» WORK TO BE COMPLETED: The required output is the exact text of the lines from the line containing "Apartamento Premium By" through the final line below, inclusive, without pictures.

» DATA SUPPLIED:
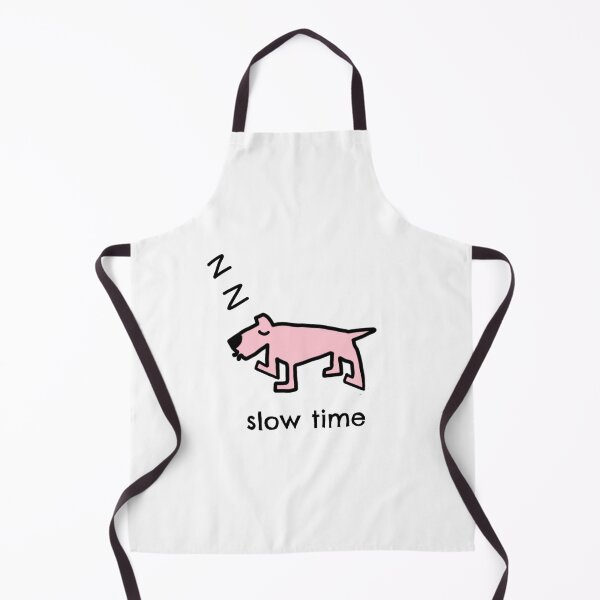 Item preview, Slow time pink 4 designed and sold by dogtired.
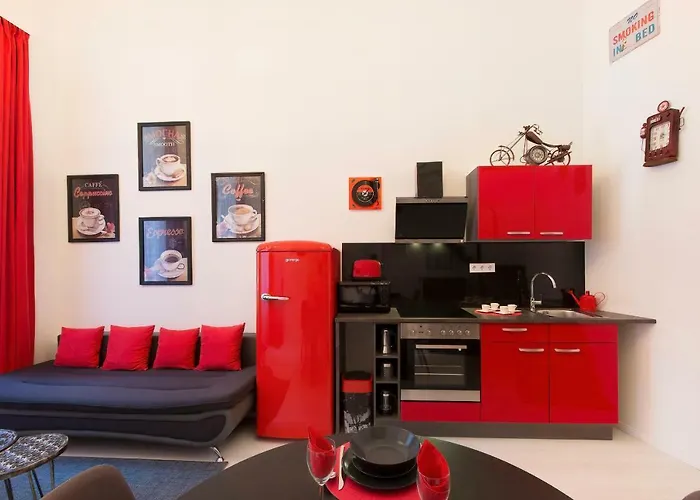Apartamento Premium By Hi5 - Szent Istvan 9 Budapest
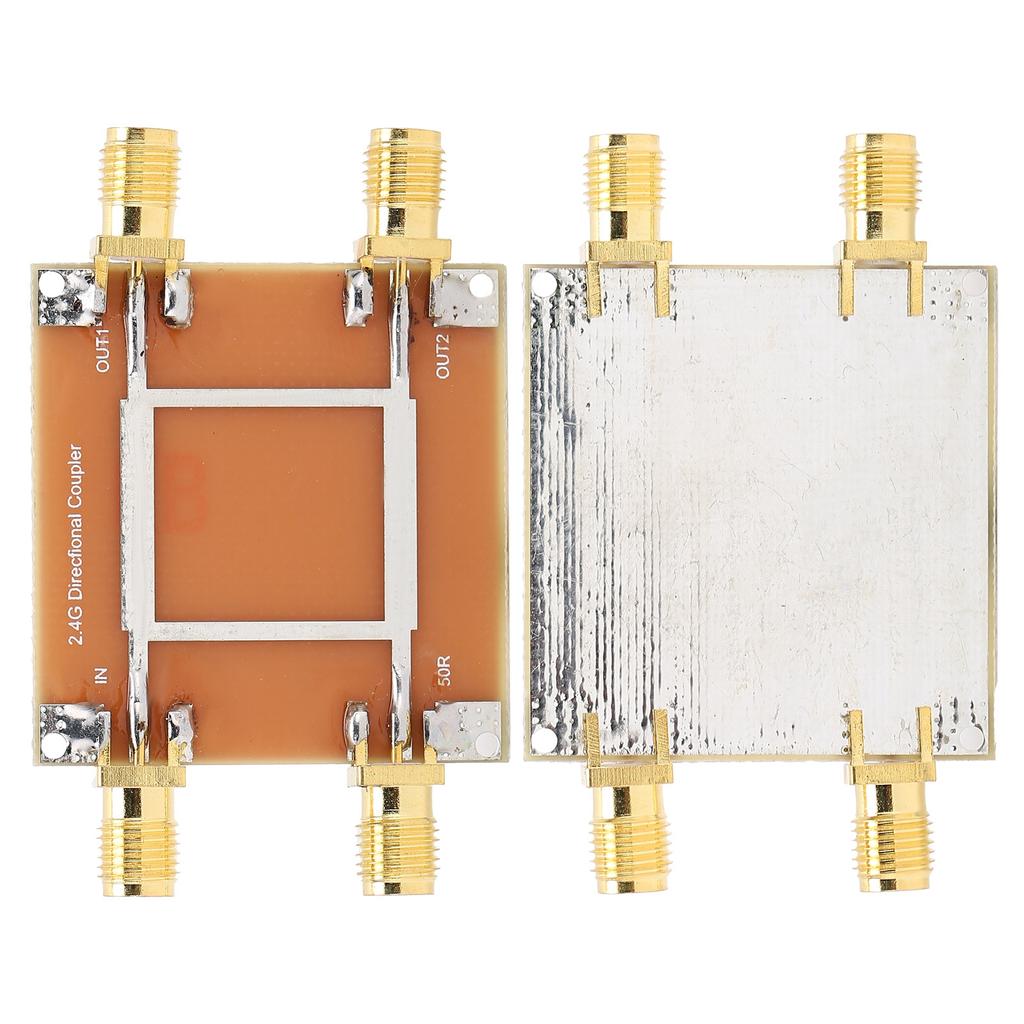Power Divider Module Directional Coupler Bridge Microstrip Circuit Test Components 2.3‑2.5GHZ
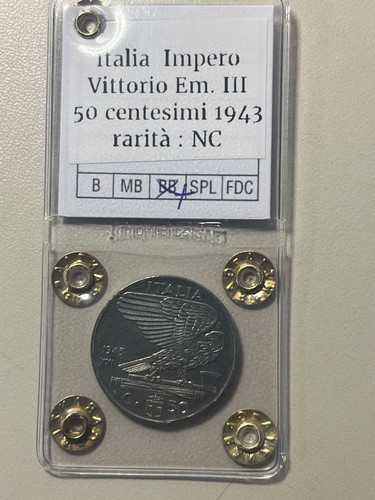 Italia imper0 centesimi - italia,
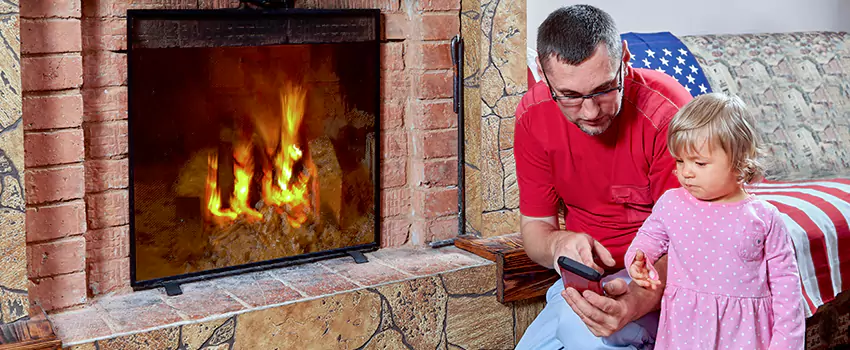 Wood-Burning Fireplace Refurbish & Restore Services in Crystal, MN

» RESPONSE FOR THIS EXERCISE:
Apartamento Premium By Hi5 - Szent Istvan 9 Budapest
Power Divider Module Directional Coupler Bridge Microstrip Circuit Test Components 2.3‑2.5GHZ
 Italia imper0 centesimi - italia,
 Wood-Burning Fireplace Refurbish & Restore Services in Crystal, MN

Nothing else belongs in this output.